The blue part in the formula above is the tangent, or the first-order Taylor approximation at \(x_t\), while the red part is a measure of proximity to \(x_t\). In other words, the gradient step can be interpreted as

find a point which balances between descending along the tangent at \(x_t\), and staying in close proximity to \(x_t\).

The balance is controlled by the step-size parameter \(\eta\). Larger \(\eta\) puts less emphasis on the proximity term, and thus allows us to take a step farther away from \(x_t\).
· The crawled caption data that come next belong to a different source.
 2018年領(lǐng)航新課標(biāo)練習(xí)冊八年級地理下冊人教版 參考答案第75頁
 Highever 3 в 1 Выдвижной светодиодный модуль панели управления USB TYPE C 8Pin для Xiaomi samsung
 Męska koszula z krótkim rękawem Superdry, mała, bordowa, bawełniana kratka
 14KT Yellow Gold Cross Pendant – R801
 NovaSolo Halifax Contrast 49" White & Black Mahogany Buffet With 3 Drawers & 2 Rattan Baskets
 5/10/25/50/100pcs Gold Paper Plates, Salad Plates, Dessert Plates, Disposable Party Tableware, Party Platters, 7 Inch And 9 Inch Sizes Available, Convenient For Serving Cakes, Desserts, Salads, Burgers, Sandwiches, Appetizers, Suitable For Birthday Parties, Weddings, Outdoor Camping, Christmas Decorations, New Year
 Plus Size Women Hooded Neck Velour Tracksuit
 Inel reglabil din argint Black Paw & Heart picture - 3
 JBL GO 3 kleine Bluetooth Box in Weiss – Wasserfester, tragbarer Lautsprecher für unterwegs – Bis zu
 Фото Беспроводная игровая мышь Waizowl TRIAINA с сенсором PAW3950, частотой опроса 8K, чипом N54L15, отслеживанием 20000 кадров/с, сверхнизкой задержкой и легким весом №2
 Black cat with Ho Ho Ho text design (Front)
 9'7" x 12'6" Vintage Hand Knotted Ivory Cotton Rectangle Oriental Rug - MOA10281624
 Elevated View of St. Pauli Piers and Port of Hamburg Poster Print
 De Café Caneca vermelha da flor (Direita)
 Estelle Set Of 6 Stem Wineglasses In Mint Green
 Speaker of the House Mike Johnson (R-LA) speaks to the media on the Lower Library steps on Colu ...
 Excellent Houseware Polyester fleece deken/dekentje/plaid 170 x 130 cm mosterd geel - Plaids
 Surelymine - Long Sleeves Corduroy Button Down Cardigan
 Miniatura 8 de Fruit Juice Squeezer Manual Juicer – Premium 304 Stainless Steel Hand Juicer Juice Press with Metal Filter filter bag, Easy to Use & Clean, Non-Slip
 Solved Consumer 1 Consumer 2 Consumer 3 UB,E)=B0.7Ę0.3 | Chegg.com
To convince ourselves that \((\text{*})\) above is indeed the gradient step in disguise, we recall that by Fermat’s principle we have \(\nabla H_t(x_{t+1}) = 0\), or equivalently

\[\nabla f(x_t) + \frac{1}{\eta} (x_{t+1} - x_t) = 0.\]

By re-arranging and extracting \(x_{t+1}\) we recover the gradient step.

Beyond the black box

A first order approximation is reasonable if we know nothing about the function \(f\), except for the fact that it is differentiable. But what if we do know something about \(f\)? Let us consider an extreme case - we would like to exploit as much as we can about \(f\), and define

\[x_{t+1} = \operatorname*{argmin}_x \left\{ \color{blue}{f(x)} + \frac{1}{2\eta} \color{red}{\|x - x_t\|_2^2} \right\}\]

The idea is known as the stochastic proximal point method³, or implicit learning⁴. Note, that when the loss \(f\) is “too complicated”, we might not have any efficient method to compute \(x_{t+1}\), which makes this method impractical for many types of loss functions, i.e. training deep neural networks. However, it turns out to be useful for many losses. In the following series of posts we will explore ways to efficiently implement the method for some losses families, and demonstrate the method’s advantages over regular black-box approaches. We will begin our implementation endaevor from a simple example, the linear least-squares problem, and eventually reach more advanced scenarios, such as training factorization machines and neural networks.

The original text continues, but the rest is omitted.